_PROVIDED DATA_:
+-------+
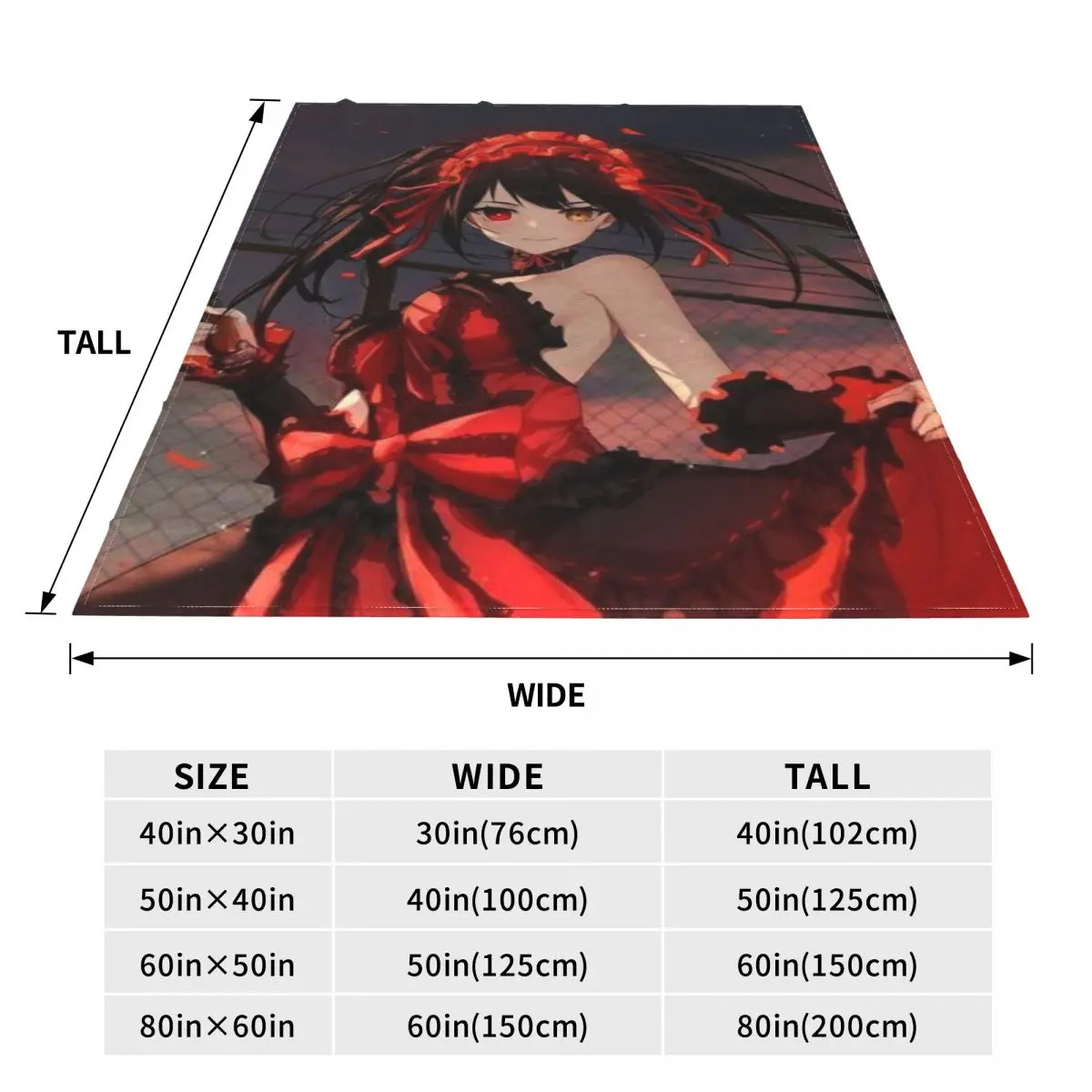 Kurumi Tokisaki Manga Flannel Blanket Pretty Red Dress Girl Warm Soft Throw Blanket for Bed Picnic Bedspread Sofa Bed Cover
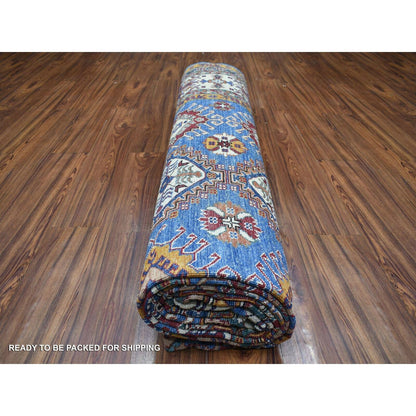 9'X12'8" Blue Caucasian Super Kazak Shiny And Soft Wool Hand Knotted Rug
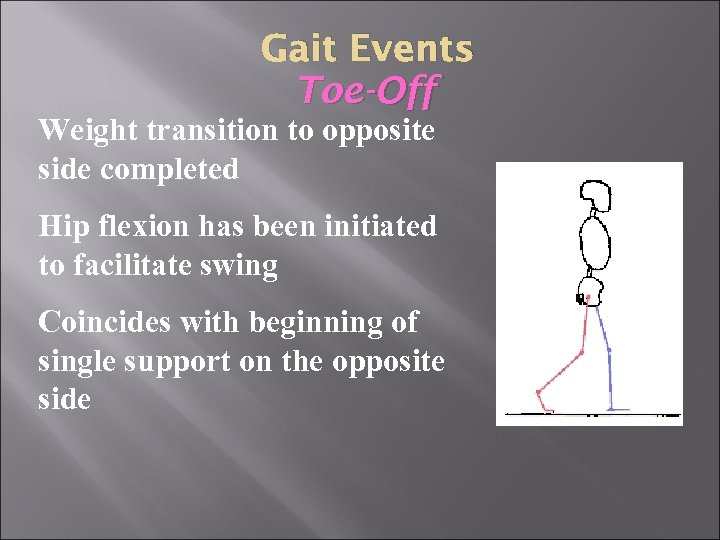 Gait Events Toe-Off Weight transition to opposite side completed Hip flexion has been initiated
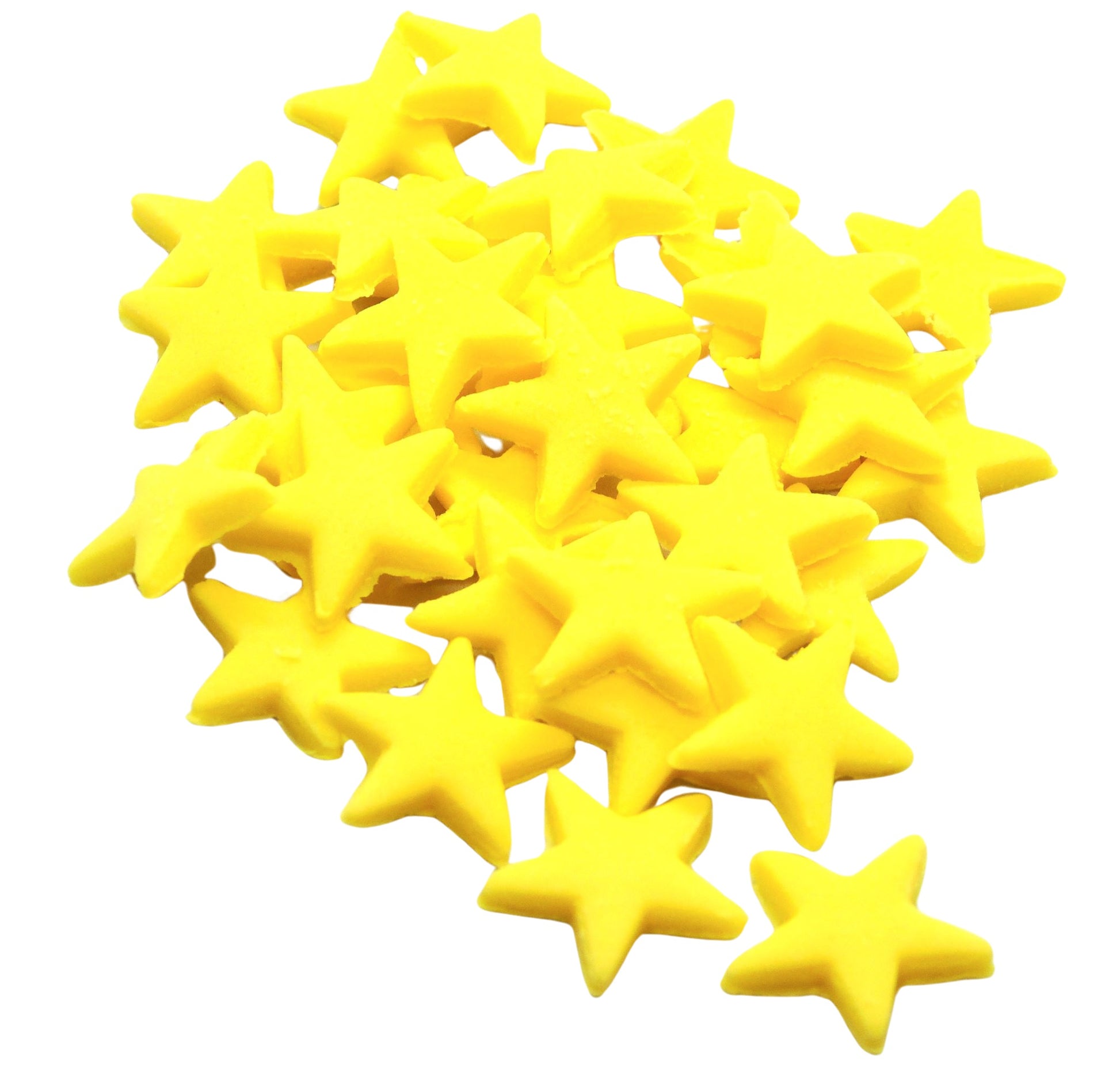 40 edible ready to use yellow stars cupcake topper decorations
+-------+
_YOUR GOAL_:
Exactly the lines from the one containing "Hand Knotted Rug" through the end of the data above: repeat those, both ends included, and nothing else. Skip the pictures.

_TASK RESPONSE_:
 9'X12'8" Blue Caucasian Super Kazak Shiny And Soft Wool Hand Knotted Rug
 Gait Events Toe-Off Weight transition to opposite side completed Hip flexion has been initiated
 40 edible ready to use yellow stars cupcake topper decorations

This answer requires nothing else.